Requirement: Identify the lines in the data below that contain "Apartamento" and give only how many there are.
Top of Data to examine
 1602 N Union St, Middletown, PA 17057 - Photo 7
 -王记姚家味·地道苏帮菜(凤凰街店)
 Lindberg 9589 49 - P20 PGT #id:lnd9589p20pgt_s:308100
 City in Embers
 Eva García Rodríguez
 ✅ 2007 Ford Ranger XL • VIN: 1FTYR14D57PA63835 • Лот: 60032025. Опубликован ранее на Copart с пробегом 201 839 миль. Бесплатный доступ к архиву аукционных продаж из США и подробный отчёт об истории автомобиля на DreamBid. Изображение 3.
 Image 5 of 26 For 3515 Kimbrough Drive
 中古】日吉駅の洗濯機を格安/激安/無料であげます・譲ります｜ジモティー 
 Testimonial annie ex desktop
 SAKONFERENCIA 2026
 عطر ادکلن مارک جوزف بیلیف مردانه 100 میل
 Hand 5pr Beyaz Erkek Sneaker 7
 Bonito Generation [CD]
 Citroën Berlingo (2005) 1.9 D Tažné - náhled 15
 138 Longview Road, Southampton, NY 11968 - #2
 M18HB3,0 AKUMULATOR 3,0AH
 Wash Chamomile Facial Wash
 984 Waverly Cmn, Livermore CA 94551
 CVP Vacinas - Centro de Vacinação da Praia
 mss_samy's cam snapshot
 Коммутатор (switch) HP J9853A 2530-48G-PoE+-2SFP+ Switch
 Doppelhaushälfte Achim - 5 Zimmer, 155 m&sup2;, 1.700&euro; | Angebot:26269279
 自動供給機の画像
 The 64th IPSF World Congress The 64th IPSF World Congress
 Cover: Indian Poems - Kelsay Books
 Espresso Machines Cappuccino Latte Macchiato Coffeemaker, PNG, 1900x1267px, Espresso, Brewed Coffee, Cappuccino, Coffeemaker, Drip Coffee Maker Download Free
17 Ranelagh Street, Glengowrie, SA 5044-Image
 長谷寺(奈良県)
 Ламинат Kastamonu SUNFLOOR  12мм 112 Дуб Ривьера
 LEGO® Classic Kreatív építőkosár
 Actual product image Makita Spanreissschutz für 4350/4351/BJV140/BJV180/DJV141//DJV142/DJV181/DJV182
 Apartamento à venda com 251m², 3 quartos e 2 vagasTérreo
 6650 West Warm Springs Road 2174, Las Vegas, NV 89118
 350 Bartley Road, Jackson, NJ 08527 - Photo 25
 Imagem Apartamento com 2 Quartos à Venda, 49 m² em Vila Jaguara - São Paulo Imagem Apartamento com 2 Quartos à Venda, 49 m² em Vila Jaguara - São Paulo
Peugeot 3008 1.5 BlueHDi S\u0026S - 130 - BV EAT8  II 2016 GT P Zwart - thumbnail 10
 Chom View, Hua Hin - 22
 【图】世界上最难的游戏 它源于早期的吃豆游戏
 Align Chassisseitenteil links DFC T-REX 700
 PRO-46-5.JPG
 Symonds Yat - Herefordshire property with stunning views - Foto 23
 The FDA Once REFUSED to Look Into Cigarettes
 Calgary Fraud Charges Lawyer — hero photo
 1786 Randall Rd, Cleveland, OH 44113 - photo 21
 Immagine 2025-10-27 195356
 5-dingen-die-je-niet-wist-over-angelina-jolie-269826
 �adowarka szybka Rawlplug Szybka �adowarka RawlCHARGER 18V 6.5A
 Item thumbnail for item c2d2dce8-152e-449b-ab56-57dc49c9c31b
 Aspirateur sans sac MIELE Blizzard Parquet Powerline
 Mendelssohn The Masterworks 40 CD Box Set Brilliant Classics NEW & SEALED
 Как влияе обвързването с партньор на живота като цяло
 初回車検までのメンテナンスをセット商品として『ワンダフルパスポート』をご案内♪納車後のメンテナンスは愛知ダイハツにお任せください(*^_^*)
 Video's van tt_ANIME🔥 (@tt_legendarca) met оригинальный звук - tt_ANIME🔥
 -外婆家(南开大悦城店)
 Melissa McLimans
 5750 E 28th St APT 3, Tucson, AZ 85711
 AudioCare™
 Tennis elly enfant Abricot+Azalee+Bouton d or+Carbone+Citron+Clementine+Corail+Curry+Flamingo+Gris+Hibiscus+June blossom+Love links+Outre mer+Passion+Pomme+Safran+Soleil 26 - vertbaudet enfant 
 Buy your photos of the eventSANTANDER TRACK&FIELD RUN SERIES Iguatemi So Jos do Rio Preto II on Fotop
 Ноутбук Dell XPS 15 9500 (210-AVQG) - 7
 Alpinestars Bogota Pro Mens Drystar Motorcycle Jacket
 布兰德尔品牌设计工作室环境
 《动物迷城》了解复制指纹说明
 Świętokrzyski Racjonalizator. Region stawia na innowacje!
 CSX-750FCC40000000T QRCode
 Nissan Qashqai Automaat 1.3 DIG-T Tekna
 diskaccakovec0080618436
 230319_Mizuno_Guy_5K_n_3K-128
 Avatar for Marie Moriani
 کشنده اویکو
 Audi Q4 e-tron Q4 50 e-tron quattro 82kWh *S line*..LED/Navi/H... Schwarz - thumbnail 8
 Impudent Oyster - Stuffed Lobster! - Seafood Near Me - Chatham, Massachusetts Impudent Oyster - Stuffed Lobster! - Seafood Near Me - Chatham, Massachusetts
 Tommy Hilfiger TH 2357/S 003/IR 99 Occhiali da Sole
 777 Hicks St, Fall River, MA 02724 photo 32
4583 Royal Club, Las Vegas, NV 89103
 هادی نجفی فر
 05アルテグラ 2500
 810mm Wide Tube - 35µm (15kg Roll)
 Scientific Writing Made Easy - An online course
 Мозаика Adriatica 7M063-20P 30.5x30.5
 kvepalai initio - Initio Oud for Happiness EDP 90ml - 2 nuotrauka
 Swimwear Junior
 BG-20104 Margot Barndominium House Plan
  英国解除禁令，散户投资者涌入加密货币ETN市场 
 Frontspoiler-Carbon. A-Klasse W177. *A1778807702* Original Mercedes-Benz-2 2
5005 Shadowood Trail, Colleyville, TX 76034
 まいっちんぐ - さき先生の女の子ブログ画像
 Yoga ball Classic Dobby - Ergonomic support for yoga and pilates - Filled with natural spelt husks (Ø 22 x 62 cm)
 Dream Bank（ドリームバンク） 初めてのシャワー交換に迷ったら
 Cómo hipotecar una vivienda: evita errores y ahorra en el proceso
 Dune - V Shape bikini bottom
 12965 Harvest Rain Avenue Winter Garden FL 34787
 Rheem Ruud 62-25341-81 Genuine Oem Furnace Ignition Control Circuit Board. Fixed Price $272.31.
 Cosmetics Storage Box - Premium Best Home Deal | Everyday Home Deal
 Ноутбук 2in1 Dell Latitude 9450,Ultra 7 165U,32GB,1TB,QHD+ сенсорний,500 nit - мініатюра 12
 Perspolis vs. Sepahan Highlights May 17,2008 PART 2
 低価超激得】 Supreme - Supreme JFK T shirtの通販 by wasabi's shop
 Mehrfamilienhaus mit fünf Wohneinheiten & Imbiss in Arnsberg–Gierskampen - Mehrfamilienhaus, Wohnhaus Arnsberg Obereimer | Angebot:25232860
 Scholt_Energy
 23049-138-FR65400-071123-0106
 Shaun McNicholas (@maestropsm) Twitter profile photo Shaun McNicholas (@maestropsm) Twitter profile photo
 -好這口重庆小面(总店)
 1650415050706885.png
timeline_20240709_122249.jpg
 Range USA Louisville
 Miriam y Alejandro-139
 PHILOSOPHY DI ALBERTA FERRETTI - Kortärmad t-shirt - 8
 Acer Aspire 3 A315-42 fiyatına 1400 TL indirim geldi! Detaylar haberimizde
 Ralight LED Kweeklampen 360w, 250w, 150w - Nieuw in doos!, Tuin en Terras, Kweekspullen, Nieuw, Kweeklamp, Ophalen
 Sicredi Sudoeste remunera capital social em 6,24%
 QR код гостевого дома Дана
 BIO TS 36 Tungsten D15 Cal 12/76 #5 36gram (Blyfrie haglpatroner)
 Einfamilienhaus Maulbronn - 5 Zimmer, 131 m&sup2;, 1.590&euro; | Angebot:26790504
Bottom of Data to examine
Response below: 2